### EXERCISE BRIEF:
In the entries that follow, the line with "knit rex fur hood scarf frosted black 1" opens the range and the line with "Kerosene Wall Lamp" closes it; repeat that range exactly, both lines included.

### THE DATA:
——

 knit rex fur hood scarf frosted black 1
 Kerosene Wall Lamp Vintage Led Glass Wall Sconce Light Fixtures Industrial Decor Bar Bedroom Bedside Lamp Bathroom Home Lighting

——

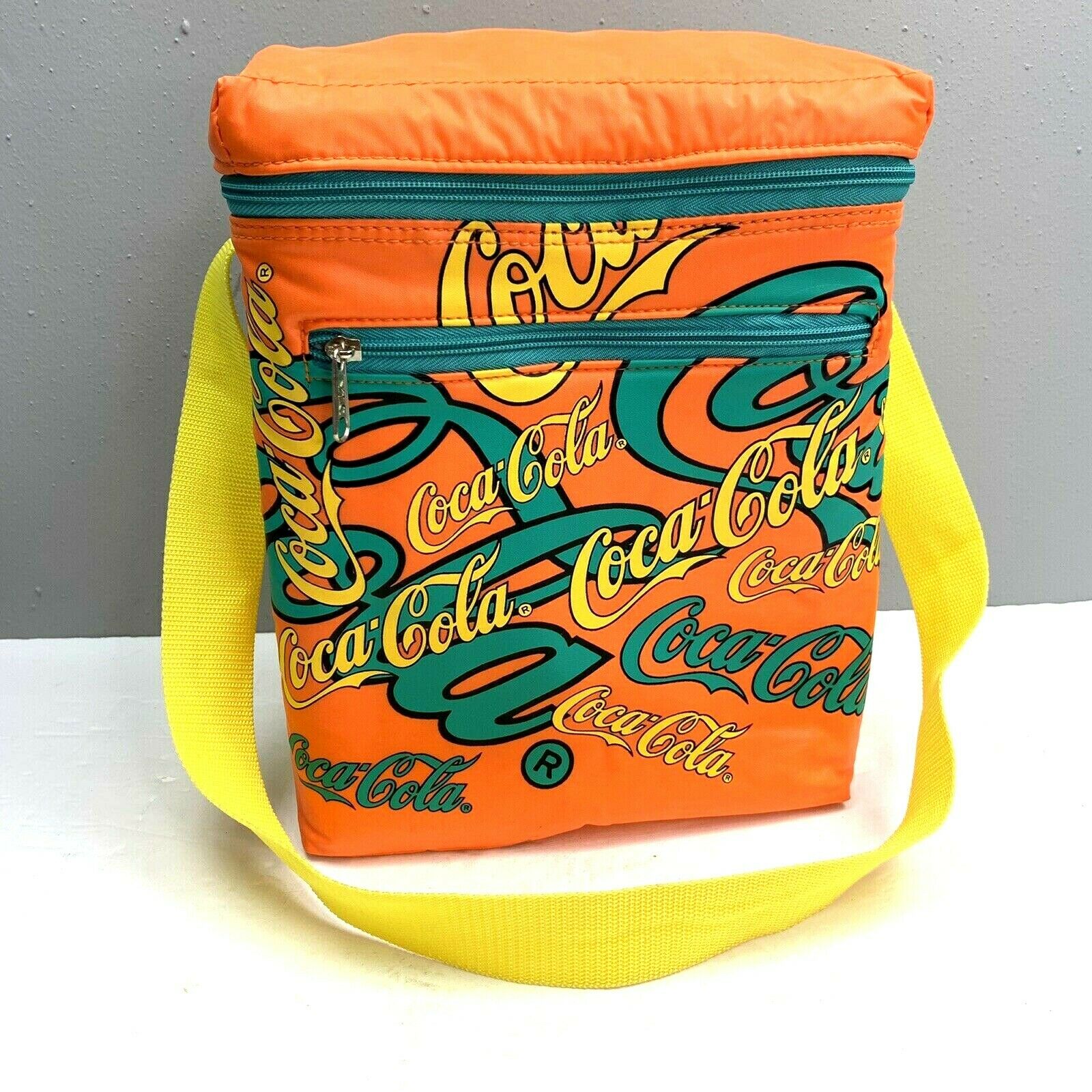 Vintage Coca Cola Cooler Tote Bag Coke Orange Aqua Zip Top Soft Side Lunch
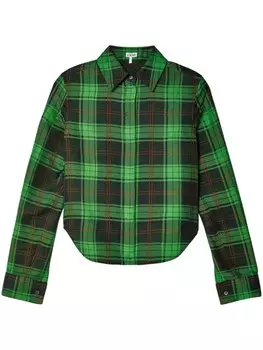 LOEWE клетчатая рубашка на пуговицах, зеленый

——

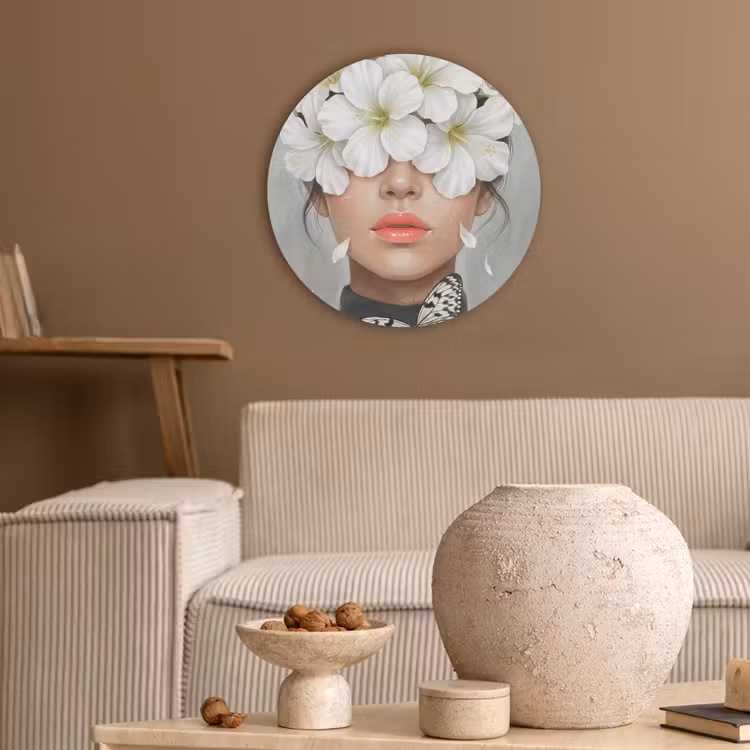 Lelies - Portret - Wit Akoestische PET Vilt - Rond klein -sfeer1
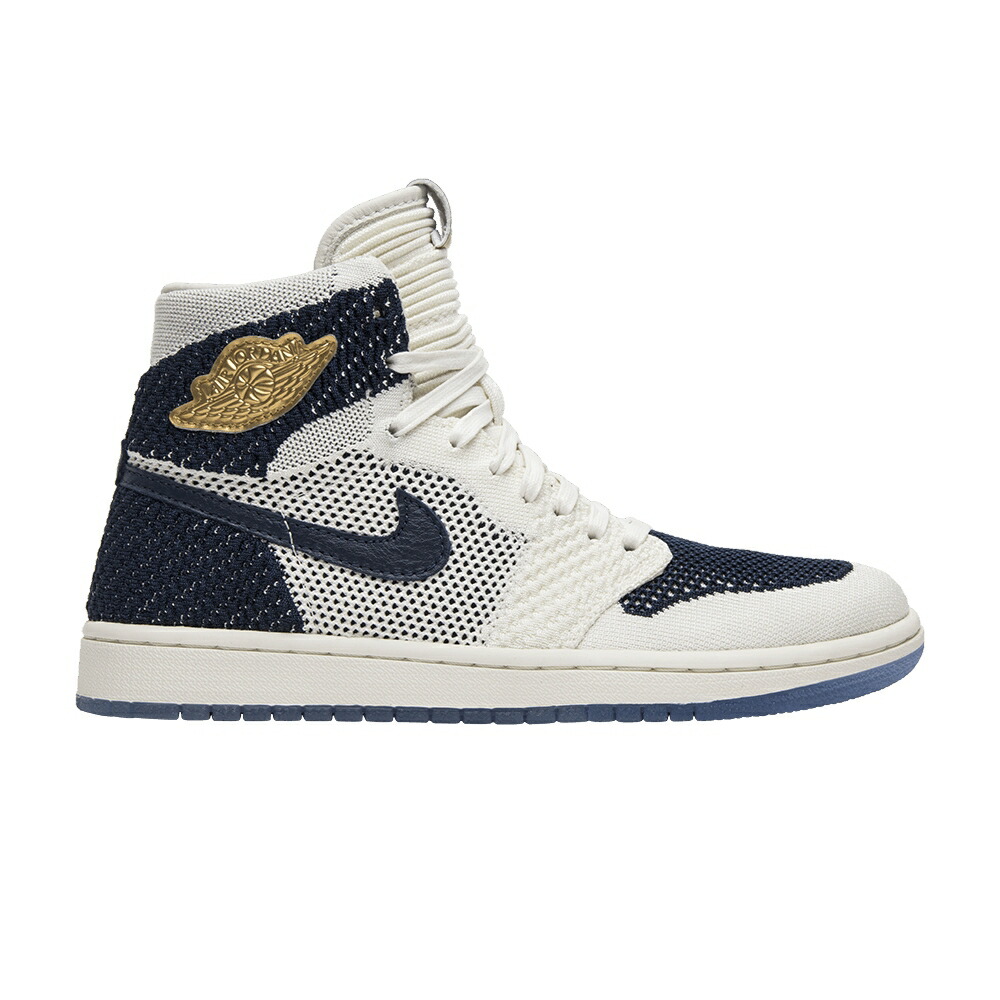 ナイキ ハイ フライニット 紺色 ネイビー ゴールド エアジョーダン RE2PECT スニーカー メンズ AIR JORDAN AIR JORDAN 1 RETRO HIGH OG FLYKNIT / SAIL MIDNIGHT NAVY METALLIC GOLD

——

### TASK ANSWER:
 knit rex fur hood scarf frosted black 1
 Kerosene Wall Lamp Vintage Led Glass Wall Sconce Light Fixtures Industrial Decor Bar Bedroom Bedside Lamp Bathroom Home Lighting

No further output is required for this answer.